Small spearmint oil producers represent a minority of farming operations and are more vulnerable to market fluctuations. Such small farmers generally need to market their entire annual crop and do not have the resources to cushion seasons with poor spearmint oil returns. Conversely, large diversified producers have the potential to endure one or more seasons of poor spearmint oil markets because of stronger incomes from alternate crops which could support the operation for a period of time. Despite the advantage larger producers may have, increasing the Native salable quantity and allotment percentage will help both large and small producers by improving returns.

Based on projections available at the meeting, the Committee considered alternatives to the 5 percent increase. The Committee not only considered leaving the salable quantity and allotment percentage unchanged, but also looked at various increases ranging from 1 percent to 15 percent. The Committee reached its recommendation to increase the salable quantity and allotment percentage for Native spearmint oil after careful consideration of all available information, and believes that the level recommended will achieve the objectives sought. Without the increase, the Committee believes the industry would not be able to meet market needs. As of January 13, 2000, approximately 25,000 pounds of Native spearmint oil was available for market.
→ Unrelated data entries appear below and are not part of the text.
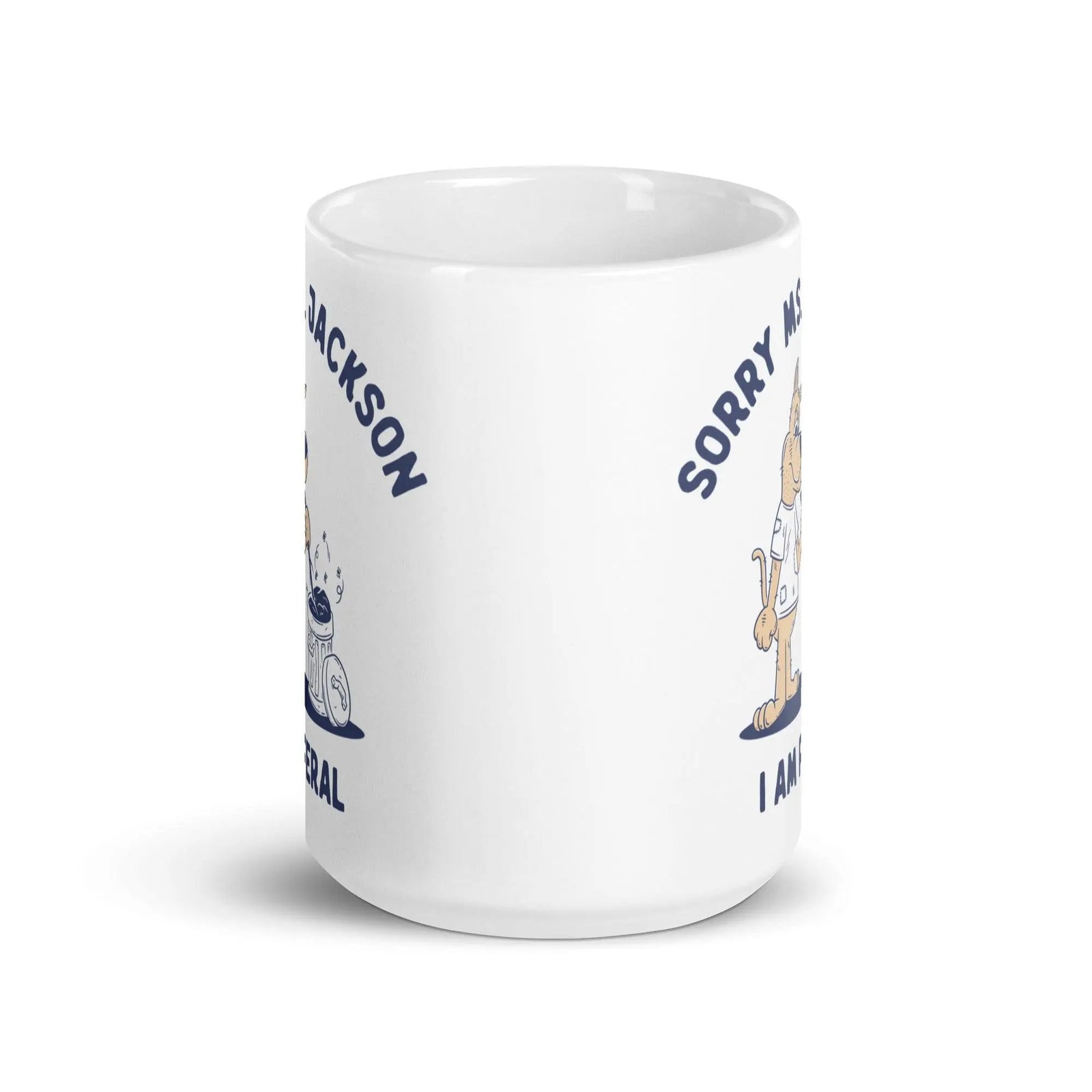 Sorry Ms Jackson I am Feral White glossy mug - Orbital Clothing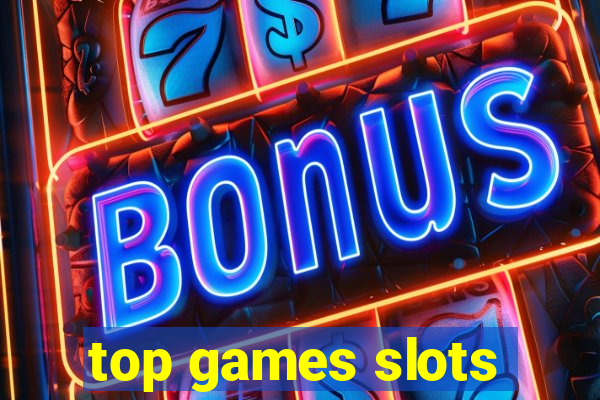 top games slots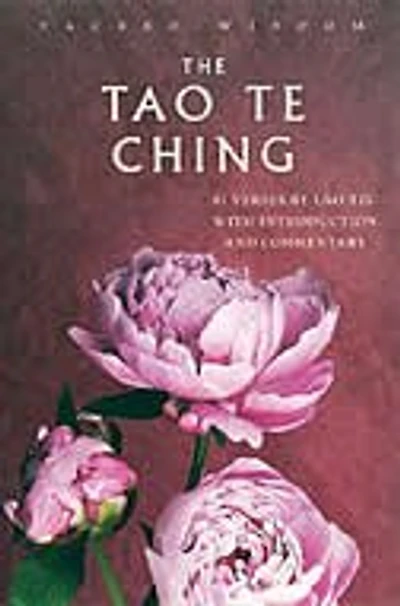 Tao Te Ching: 81 Verses By Lao Tzu With Introduction And Commentary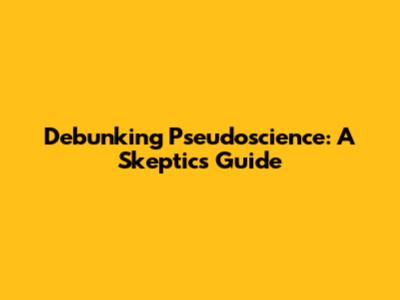 Debunking Pseudoscience: A Skeptic's Guide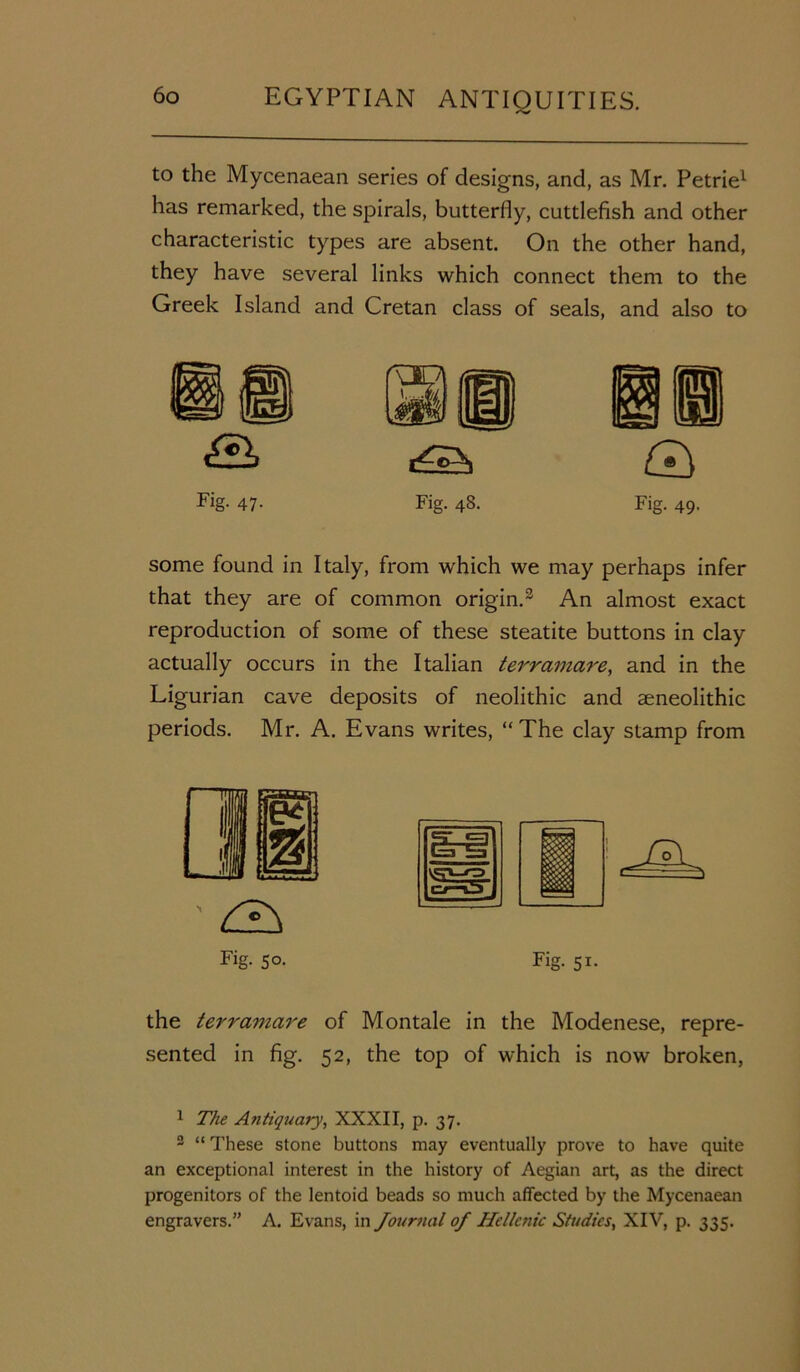 has remarked, the spirals, butterfly, cuttlefish and other characteristic types are absent. On the other hand, they have several links which connect them to the Greek Island and Cretan class of seals, and also to some found in Italy, from which we may perhaps infer that they are of common origin.3 An almost exact reproduction of some of these steatite buttons in clay actually occurs in the Italian terrainare, and in the Ligurian cave deposits of neolithic and aeneolithic periods. Mr. A. Evans writes, “The clay stamp from Fig- 50- fT «=1 1=3 l=n VS'-'p cj—0_ Fig. 5i- the terramare of Montale in the Modenese, repre- sented in fig. 52, the top of which is now broken, 1 The Antiquary, XXXII, p. 37. 2 “ These stone buttons may eventually prove to have quite an exceptional interest in the history of Aegian art, as the direct progenitors of the lentoid beads so much affected by the Mycenaean engravers.” A. Evans, in Journal of Helkfiic Studies, XIV, p. 335.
The past 5-year average of Native spearmint oil sales from January 1 to May 31 is 208,994 pounds, whereas the 5-year average for the period June 1 through December 31 is 953,978 pounds. The Far West spearmint oil industry has sold 1,206,290 pounds of Native spearmint oil this season through January 13, 2000. Therefore, based on historical sales the industry may require about 40,000 additional pounds of Native oil to meet the five-year average annual market demand. This action has the effect of adding 92,291 pounds of Native spearmint oil to the amount available for market, bringing the total available supply for the period January 13 through May 31, 2000, up to approximately 117,300 pounds.

Annual salable quantities and allotment percentages have been issued for both classes of spearmint oil since the order's inception. Reporting and recordkeeping requirements have remained the same for each year of regulation. Accordingly, this action will not impose any additional reporting or recordkeeping requirements on either small or large spearmint oil producers and handlers. All reports and forms associated with this program are reviewed periodically in order to avoid unnecessary and duplicative information collection by industry and public sector agencies. The Department has not identified any relevant Federal rules that duplicate, overlap, or conflict with this rule.

Finally, the Committee's meeting was widely publicized throughout the spearmint oil industry and all interested persons were invited to attend and participate on all issues. Interested persons are also invited to submit information on the regulatory and informational impacts of this action on small businesses.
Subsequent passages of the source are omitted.